**WHAT IS BEING ASKED**
Pull out the lines from the one containing "Tarjeta Festiva Koala" through the final line of the listing below and repeat them exactly. Leave the pictures behind.
START INFORMATION PROVIDED
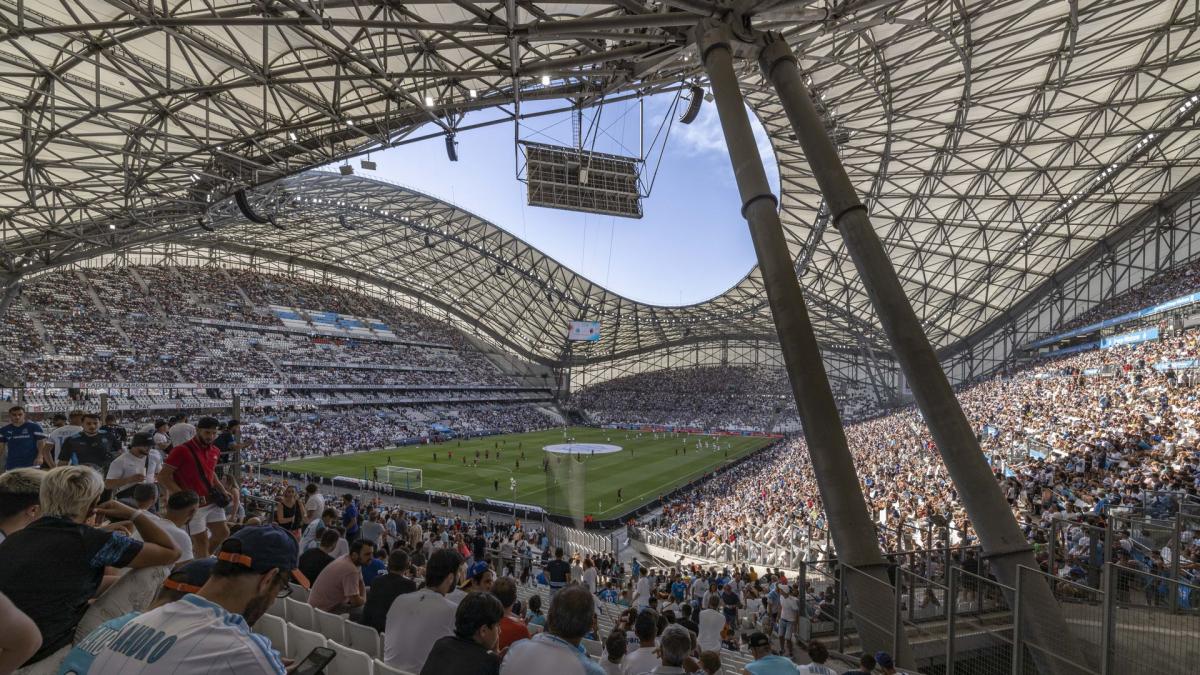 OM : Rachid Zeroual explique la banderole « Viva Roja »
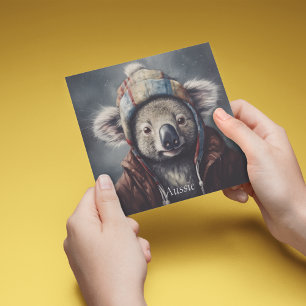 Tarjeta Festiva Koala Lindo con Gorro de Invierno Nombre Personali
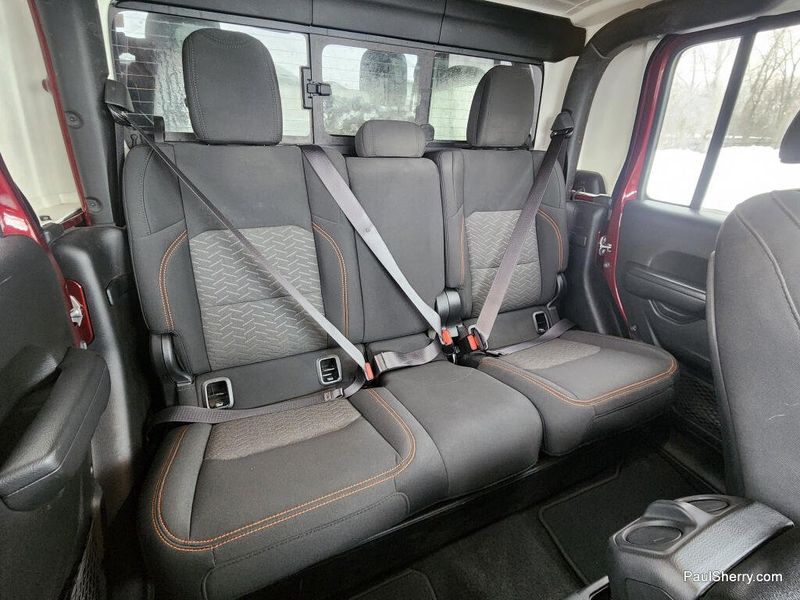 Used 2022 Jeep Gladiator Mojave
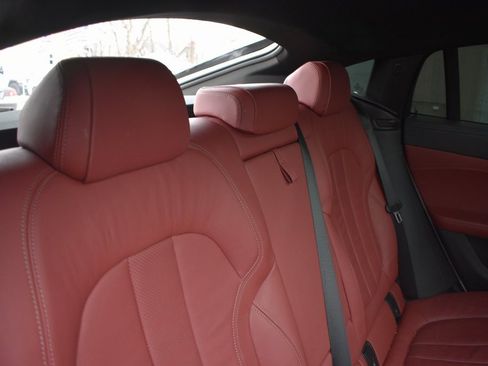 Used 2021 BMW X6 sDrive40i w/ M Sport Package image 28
END INFORMATION PROVIDED
**RESPONSE TO THE EXERCISE**
 Tarjeta Festiva Koala Lindo con Gorro de Invierno Nombre Personali
 Used 2022 Jeep Gladiator Mojave
 Used 2021 BMW X6 sDrive40i w/ M Sport Package image 28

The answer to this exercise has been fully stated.